Only simple primitives are used within OpenGL. Reason for that is mainly
due to the requirement of performance and possible hardware acceleration.
There are three types of simple primitives: points, lines, and triangles.
Higher level primitives (like quadrilaterals) can be assembled from simple
ones. Curves can be approximated by lines. Large surfaces can be tessellated
with triangles. For complex surfaces (like NURBS) GLU library can be used
to calculate vertices. The following line primitives are possible:
- GL_LINES
- Pairs of vertices in a vertex stream create line segments.
- GL_LINE_STRIP
- Vertex stream builds connected lines (polyline).
- GL_LINE_LOOP
- Same as polyline above except that last vertex is connected by a line to the first.
- GL_TRIANGLES
- For each triangle three vertices are required from vertex stream.
- GL_TRIANGLE_STRIP
- Strip of triangles. For first triangle three vertices are needed.
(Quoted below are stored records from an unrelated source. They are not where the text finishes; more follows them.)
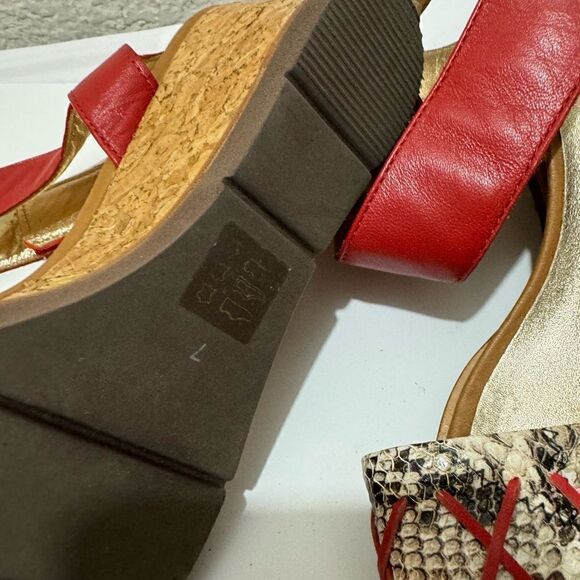 Marc Joseph Dyckman Strappy Red Leather Wedge Sandals - Picture 10 of 11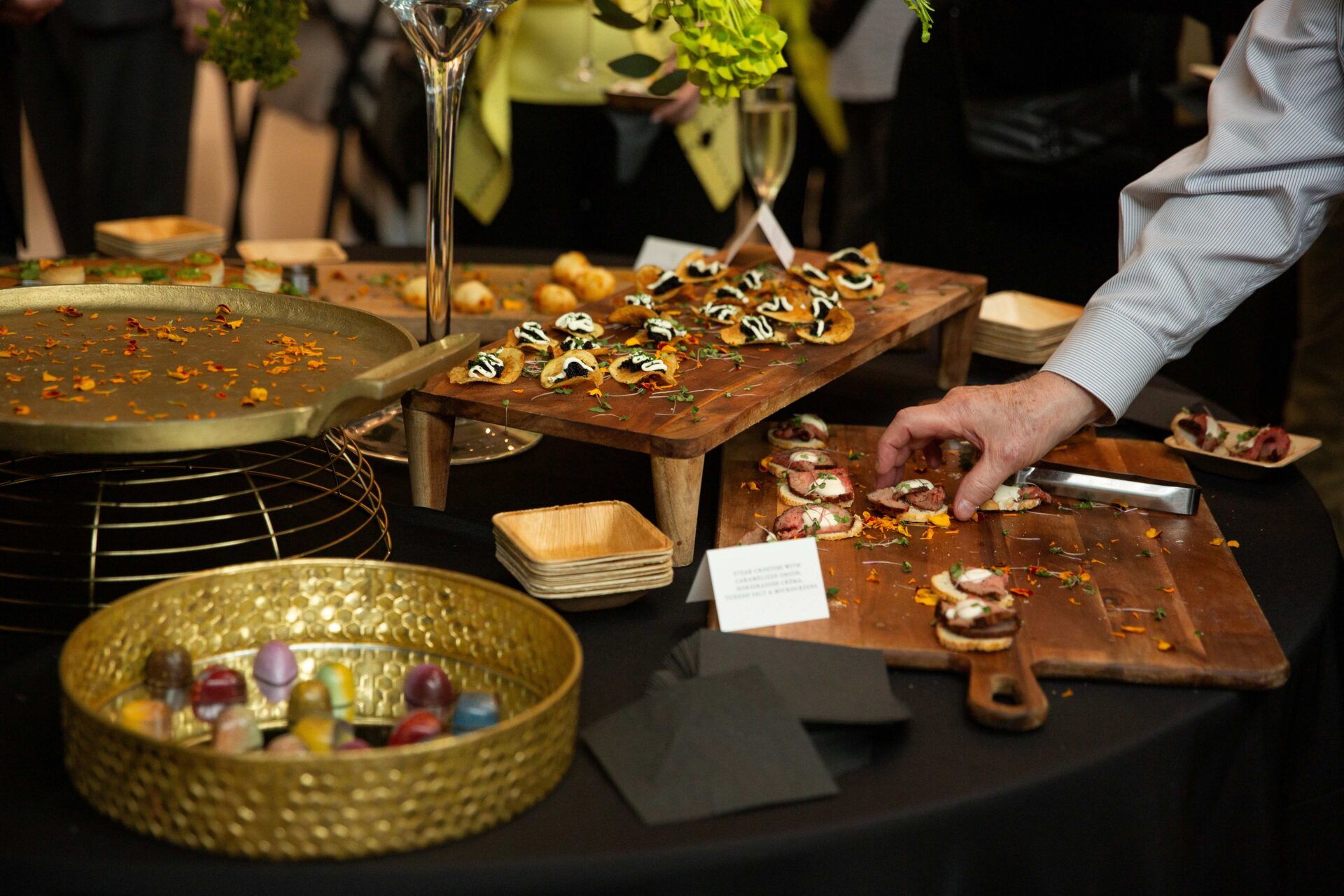 Brilliant exiles opening 136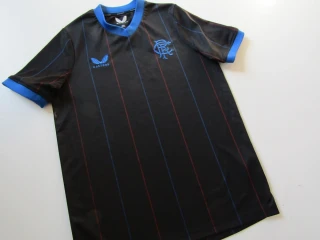 Chlapecký sportovní dres- CASTORE-NOVÝ... VEL-152-158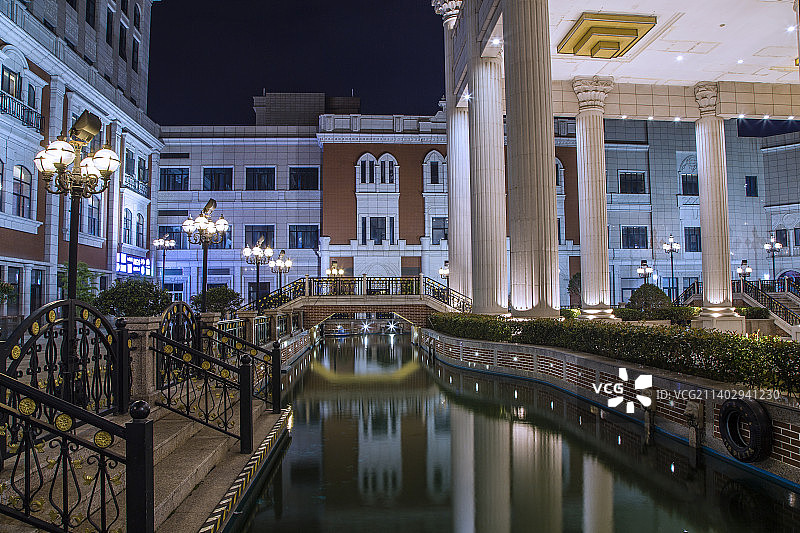 欧式风格建筑商业街小镇夜景图片素材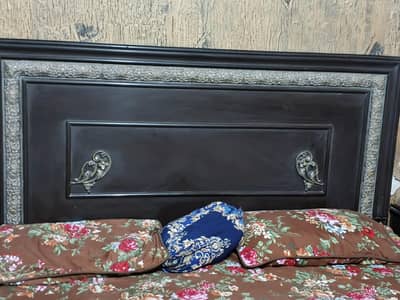 bed and side tables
For every additional vertex new triangle is created by using last two vertices.
- GL_TRIANGLE_FAN
- Triangles are added to the first one by using first and last vertex to create a triangle fan.
Modern OpenGL
Immediate mode programming with glBegin
and glEnd
was removed from
OpenGL 3.x as such transmission of vertex streams and its attributes
(colors, normals, ...) from system memory to GPU is considered as a major
performance drawback. Display lists were previously used to save stream of
OpenGL calls that also included vertex data and was just replayed at
redraw. But this is inherently sequential operation that blocked parallel
vertex processing. Requirement to store vertex arrays to GPU directly as an
object can solve problem described. Storing vertex arrays into GPU
also means that manipulation on them to build the model should be inside
the GPU. Legacy OpenGL included many modelling utilities for
transforming world coordinates into viewport. Transformations of coordinate
systems in 3D space allowed manipulate model stack easily with
glPushMatrix
and glPopMatrix
commands. But similarly to
glBegin
/glEnd
such manipulations are not used outside GPU anymore.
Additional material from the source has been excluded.